Unfortunately, many people do not realise that they fall in the latter camp, and history tells us that ignorance of one’s navigational impotence is an age-old condition from which many individuals (and their followers) have suffered. But it is one thing to be unaware of how useless you are at finding your way whilst rarely straying far from home, and another to base your entire career on the insubstantial foundation of your poor sense of direction. Countless people throughout history have made just this myopic error and become professional explorers, with results inevitably ranging from the comic to the fatal.
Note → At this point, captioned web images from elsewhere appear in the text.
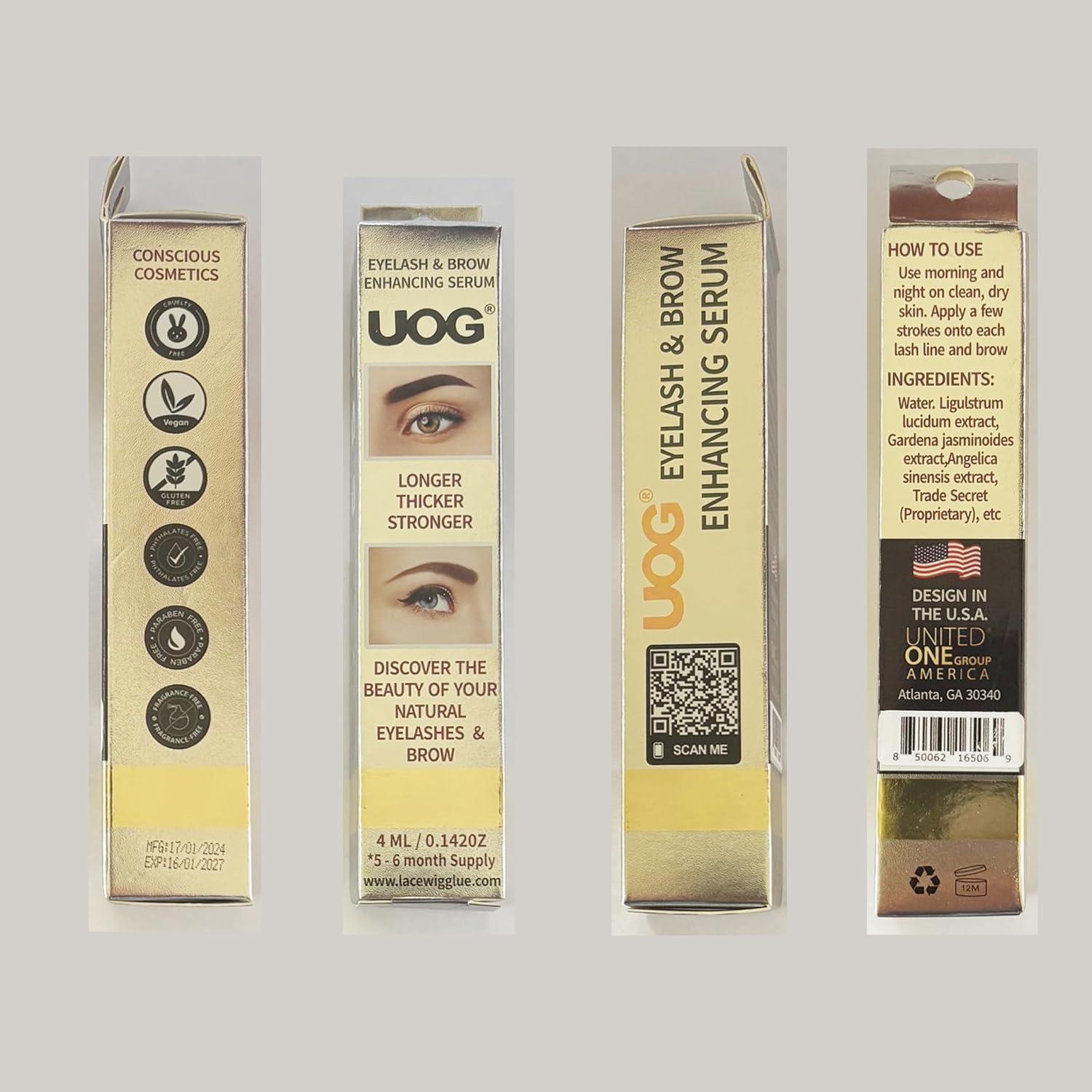 Suero Potenciador de Cejas UOG 4mL - Acondicionador Hipoalergénico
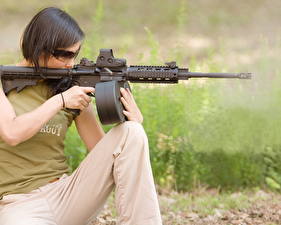 Wallpapers Glasses Girls Army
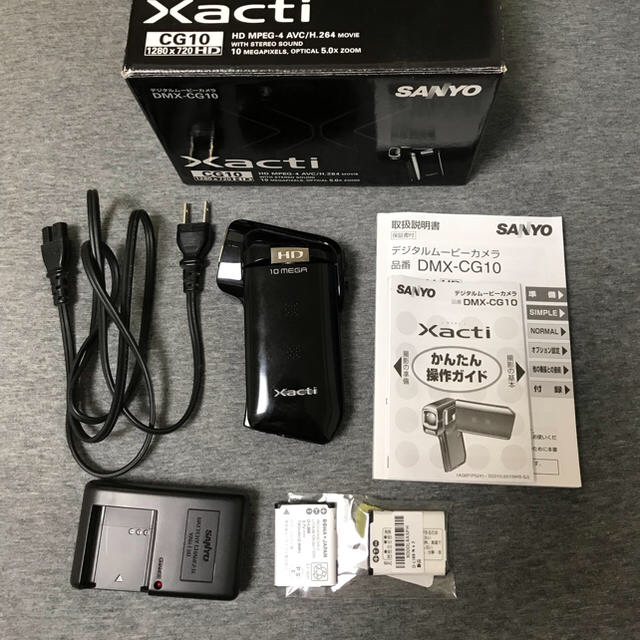 SANYO(サンヨー)の最終価格  極美品 ！SANYO   xacti  cg10 スマホ/家電/カメラのカメラ(ビデオカメラ)の商品写真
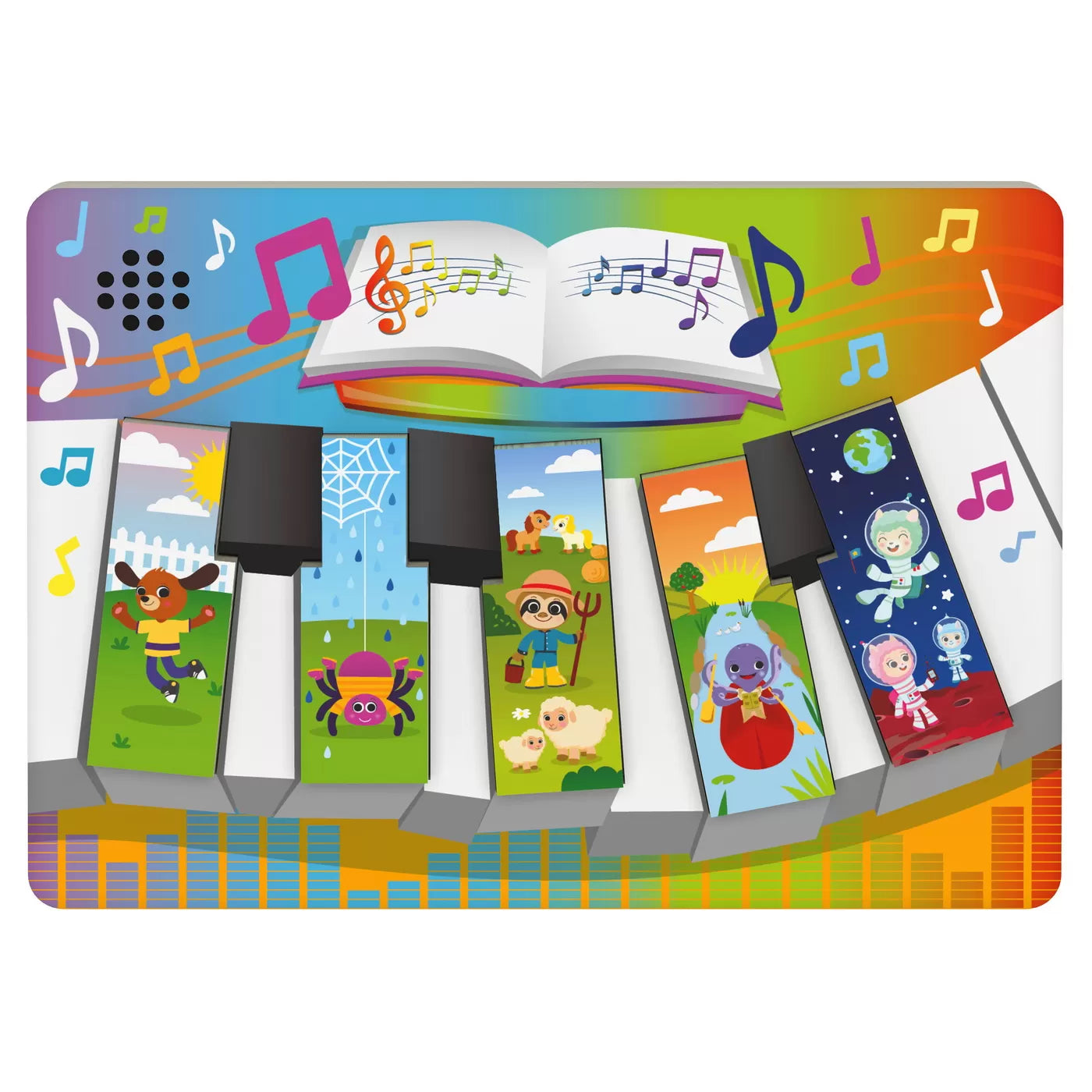 PUZZLE DIN LEMN IN FORMA DE PIAN CU SUNETE, JOCURI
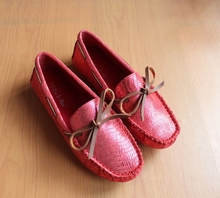 Sweet 2014 embossed genuine leather casual shoes multicolour maternity mother shoes casual shoes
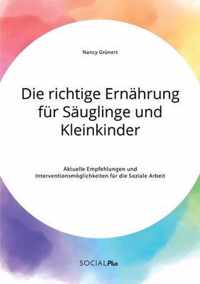 Die richtige Ernahrung fur Sauglinge und Kleinkinder. Aktuelle Empfehlungen und Interventionsmoeglichkeiten fur die Soziale Arbeit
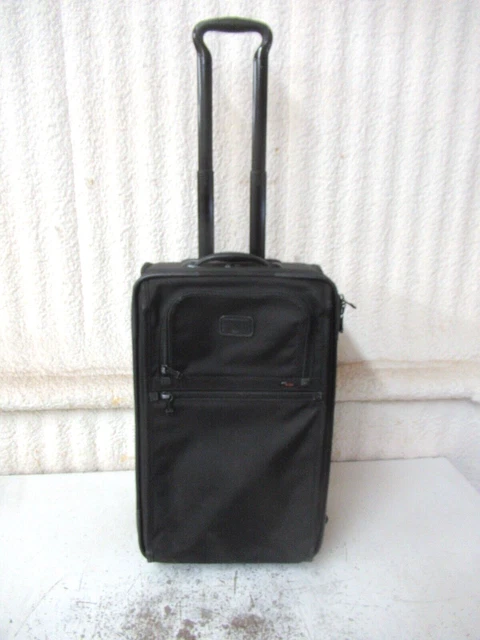 TUMI Alpha 22" Expandable Carry On Rolling Wheeled Luggage Black Model 22022DH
But there are many kinds of useless explorers and dreadful expeditions. Some of history’s most famous explorers have made grave navigational errors resulting in fantastic discoveries for which they are praised. Others have mismanaged the practicalities of exploration, with disastrous consequences. But what is apparent through all is the bravery of the explorers, however brutal their crimes or inept their attempts to discover new places and things, and this initial impulse is laudable when divorced from the outcome. But let’s not let that stop us having a chuckle at some of the following self-confident buffoons and their disastrous enterprises.
Christopher Columbus
The man remembered for being the first to discover America may seem a strange place to start on a list of inept explorers and failed expeditions, but Christopher Columbus’s discovery of the New World was the result of some seriously poor navigation. When ‘in 1492, Columbus sailed the ocean blue’, as the old rhyme goes, he was actually aiming to find a new route to Asia. Landing instead in what is now known as the Bahamas, Columbus assumed he had arrived in Asia, and so called the area ‘the West Indies’, as opposed to the East Indies, or Asia.
Columbus (1451-1506) was born in Genoa, on the coast of Italy. His father was a wool-weaver and cheese-seller, and so it seems most likely that Columbus’s wanderlust came from his encounters with the sailors who frequented the Genoese ports. Weaving and cheese-selling do not seem to have appealed to young Christopher, and so he worked as a business agent for some of the most prominent Genoese families, a job that involved him travelling the world by sea. One of these trips took him to Lisbon, where his younger brother, Bartolomeo, who also became an explorer, worked in a cartographer’s shop.
His experience of global trading led Columbus to consider whether there could be a better way to trade with the Far East than taking the Silk Road or the Cape Route. Based on his calculations and research, Columbus proposed sailing west to reach Asia. Famously, his proposal was rejected by the Portuguese, English, and French monarchs, as well as Venice and his native Genoa. Eventually, Columbus gained financial backing for his voyage from King Ferdinand and Queen Isabella of Spain. Though his calculations were incorrect, and Columbus failed spectacularly to reach Asia, he succeeded in reaching the Americas.
A prominent myth about Columbus’s voyage was that he was the first man to discover America. He wasn’t – a party of Vikings led by Leif Erikson reached North America in around 1000, naming it Vinland, but returned to Iceland after the natives proved too hostile. This is also to say nothing of the indigenous populations living in North and South America, who first ‘discovered’ America around 14, 000 years ago. It is also a myth that no one would sponsor Columbus because they believed the world was flat – people had known the world was spherical since Aristotle’s time.
It would also be remiss not to mention Columbus’s heinous crimes as 1st Governor of the Indies. Modern historians have pointed to him enslaving natives and forcing them to convert to Catholicism as reasons not to look kindly upon the Italian. For example, he once kidnapped a native woman and gave her to a crew member to rape, and on Hispaniola he once cut off the ears off a native to scare others into complying. Most startlingly, when he arrived on Hispaniola the island’s population was 300, 000. 56 years later, only 500 remained, due to mass suicides and persecution.